Говорят, что посол Альманзора при дворе Гарсии Наваррского – где его осыпали почестями, – посещая церковь, случайно встретил старую мусульманскую женщину, которая сказала ему, что была взята в плен еще ребенком и с тех пор живет рабыней на священной территории. Она попросила Альманзора привлечь внимание к ее делу. Тот пообещал и вскоре после этого, вернувшись домой, рассказал об итогах своей миссии Альманзору. Выслушав его доклад, Альманзор спросил, было ли в Наварре что-то, вызвавшее его недовольство. Тогда посол поведал о мусульманской рабыне. «Клянусь Аллахом! – вскричал Альманзор. – С этого надо было начинать!» Немедленно выступив в поход, он повел армию прямо к границе с Наваррой. В большой тревоге Гарсия написал письмо, желая узнать, чем вызвал недовольство всесильного Альманзора. Сам он никакой вины за собой не видел. «Что? – удивился Альманзор, прочитав письмо в присутствии гонцов. – Разве он не поклялся, что в его стране не осталось ни одного мусульманского пленного обоего пола? Он солгал! Мне стало известно, что в одной из ваших церквей живет мусульманская женщина! Я не покину Наварру, пока она не будет передана мне в руки!»
Получив ответ, Гарсия, не теряя ни минуты, отправил к Альманзору женщину, а с ней еще двух, которых обнаружил во время самых тщательных поисков. Король поклялся, что не видел этих женщин и ничего о них не слышал, и добавил, что велел разрушить церковь, о которой упомянул Альманзор.
Альманзор вселял ужас во врагов, но одновременно был божеством для своих солдат. Они считали его отцом, который всегда позаботится об их нуждах. Вместе с тем в вопросах военной дисциплины он был беспощаден. Однажды, инспектируя войска, он заметил блеск меча, который должен был оставаться в ножнах. Он немедленно велел привести к нему нарушителя.

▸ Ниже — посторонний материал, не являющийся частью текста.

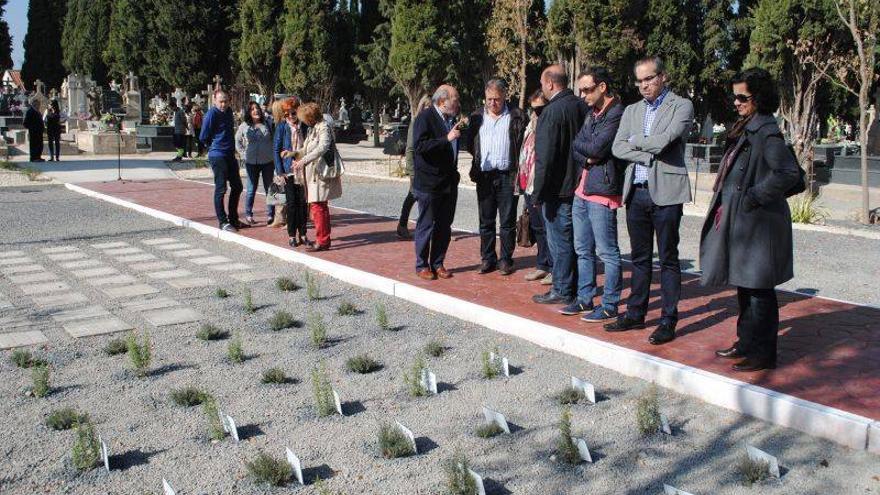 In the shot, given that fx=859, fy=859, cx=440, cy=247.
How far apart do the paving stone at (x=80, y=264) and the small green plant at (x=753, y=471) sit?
7.30 m

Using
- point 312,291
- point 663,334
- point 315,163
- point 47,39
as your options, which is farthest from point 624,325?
point 47,39

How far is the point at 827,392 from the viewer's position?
483 cm

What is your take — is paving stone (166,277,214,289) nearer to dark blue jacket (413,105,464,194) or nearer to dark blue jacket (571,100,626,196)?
dark blue jacket (413,105,464,194)

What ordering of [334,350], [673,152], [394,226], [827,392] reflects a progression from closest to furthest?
[827,392], [673,152], [334,350], [394,226]

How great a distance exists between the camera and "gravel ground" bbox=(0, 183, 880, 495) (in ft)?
12.9

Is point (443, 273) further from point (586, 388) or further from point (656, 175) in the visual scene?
point (586, 388)

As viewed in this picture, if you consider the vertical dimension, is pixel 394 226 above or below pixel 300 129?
below

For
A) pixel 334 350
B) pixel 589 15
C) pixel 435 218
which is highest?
pixel 589 15

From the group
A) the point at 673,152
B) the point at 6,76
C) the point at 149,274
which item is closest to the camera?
the point at 673,152

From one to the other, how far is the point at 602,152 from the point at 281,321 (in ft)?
8.93

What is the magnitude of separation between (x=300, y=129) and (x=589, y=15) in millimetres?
20105

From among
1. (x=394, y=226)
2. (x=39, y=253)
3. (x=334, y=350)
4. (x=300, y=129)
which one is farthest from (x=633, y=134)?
(x=39, y=253)

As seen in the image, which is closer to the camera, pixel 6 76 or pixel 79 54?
pixel 79 54

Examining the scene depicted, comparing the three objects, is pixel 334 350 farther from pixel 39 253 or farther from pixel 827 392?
pixel 39 253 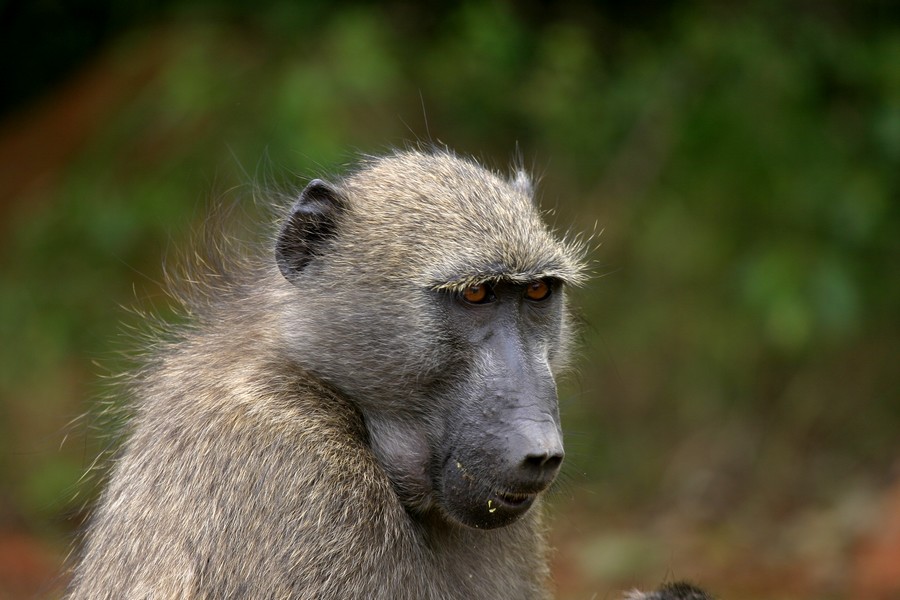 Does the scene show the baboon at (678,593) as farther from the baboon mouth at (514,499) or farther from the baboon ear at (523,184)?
the baboon ear at (523,184)

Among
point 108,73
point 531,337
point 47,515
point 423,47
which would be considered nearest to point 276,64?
point 423,47

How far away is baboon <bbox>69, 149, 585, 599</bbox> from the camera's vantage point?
342 centimetres

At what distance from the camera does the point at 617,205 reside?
8938 mm

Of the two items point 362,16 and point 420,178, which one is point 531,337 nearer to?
point 420,178

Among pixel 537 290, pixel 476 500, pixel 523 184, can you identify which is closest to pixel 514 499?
pixel 476 500

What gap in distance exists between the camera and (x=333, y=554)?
3.39m

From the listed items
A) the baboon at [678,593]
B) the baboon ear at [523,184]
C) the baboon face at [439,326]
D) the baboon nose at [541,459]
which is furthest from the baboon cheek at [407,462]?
the baboon ear at [523,184]

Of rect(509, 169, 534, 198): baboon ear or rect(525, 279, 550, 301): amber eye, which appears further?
rect(509, 169, 534, 198): baboon ear

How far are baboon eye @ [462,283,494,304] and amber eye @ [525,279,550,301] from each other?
0.16 metres

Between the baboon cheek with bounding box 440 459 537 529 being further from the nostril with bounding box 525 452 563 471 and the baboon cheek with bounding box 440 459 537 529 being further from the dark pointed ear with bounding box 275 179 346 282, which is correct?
the dark pointed ear with bounding box 275 179 346 282

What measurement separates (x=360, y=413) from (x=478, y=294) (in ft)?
1.82

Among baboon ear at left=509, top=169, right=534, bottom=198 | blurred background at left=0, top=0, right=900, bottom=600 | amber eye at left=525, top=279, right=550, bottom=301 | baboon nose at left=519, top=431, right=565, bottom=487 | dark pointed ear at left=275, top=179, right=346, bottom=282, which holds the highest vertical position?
blurred background at left=0, top=0, right=900, bottom=600

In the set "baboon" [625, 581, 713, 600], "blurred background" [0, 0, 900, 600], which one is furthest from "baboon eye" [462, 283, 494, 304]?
"blurred background" [0, 0, 900, 600]

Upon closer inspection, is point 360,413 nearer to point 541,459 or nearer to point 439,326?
point 439,326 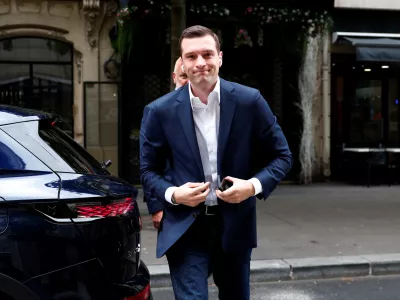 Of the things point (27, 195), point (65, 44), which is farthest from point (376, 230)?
point (65, 44)

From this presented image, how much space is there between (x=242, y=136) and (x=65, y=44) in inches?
405

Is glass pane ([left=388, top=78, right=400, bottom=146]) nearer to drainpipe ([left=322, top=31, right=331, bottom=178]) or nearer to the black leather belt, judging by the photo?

– Ты смеешь, – воскликнул Альманзор, пылая от ярости, – доставать меч из ножен до того, как дан приказ!
– Я только хотел показать его товарищу, – пробормотал нарушитель. – Я не собирался вытаскивать его из ножен. Он случайно выскользнул.
– Пустые отговорки! – заявил Альманзор и добавил, обращаясь к своим офицерам: – Пусть голову этого человека отрубят его собственным мечом, а тело пронесут через строй, как наглядный урок дисциплины.
Такие примеры внушали солдатам благоговейный страх. Проходя мимо него на параде, люди всегда хранили торжественное молчание. «Даже кони, – писал арабский хронист, – знали свое дело и не ржали».
Благодаря армии, которую он создал и дисциплинировал, Альманзор завоевал для мусульманской Испании силу и процветание, каких она не знала ранее, даже при Абд-ер-Рахмане III. Но это была не единственная его заслуга. Не только его страна, но и цивилизация в целом ему многим обязана. Он восхищался и всячески поддерживал интеллектуальную культуру, и хотя был вынужден, по политическим соображениям, не поддерживать философов, но всегда защищал их, если мог это делать, не идя против теологов. К примеру, некий Ибн ас-Сонбоси был арестован и посажен в тюрьму по подозрению в безбожии. Против него было много свидетелей, и факихи посчитали его достойным смерти. Между прочим, в это же время было арестовано еще несколько литераторов. Каждую пятницу их сажали перед дверью мечети, и глашатай кричал: «Все, кто может свидетельствовать против этих людей, сделайте это!» Приговор едва не был приведен в исполнение, когда поспешно вошел очень влиятельный факих, Ибн аль-Маква, отказавшийся участвовать в судилище. Благодаря изумительным софизмам, которые делали больше чести его доброте, чем логике, он сумел добиться отмены приговора, несмотря на яростное противодействие кади Ибн ас-Сари. Последний вызвал недовольство Альманзора. Радуясь возможности обуздать религиозный фанатизм, хаджиб воскликнул: «Мы должны поддерживать религию, и все правоверные находятся под нашей защитой! Суд постановил, что Ибн ас-Сонбоси из их числа. Тем не менее председатель суда предпринял неслыханные усилия, чтобы добиться его осуждения. А значит, кади – кровожадный человек и, как таковой, не должен жить». Это было всего лишь предупреждение. Кади бросили в тюрьму на несколько дней, и можно предположить, что впредь он проявлял меньше рвения в отношении неудачливых скептиков, отрицавших общепринятые догмы.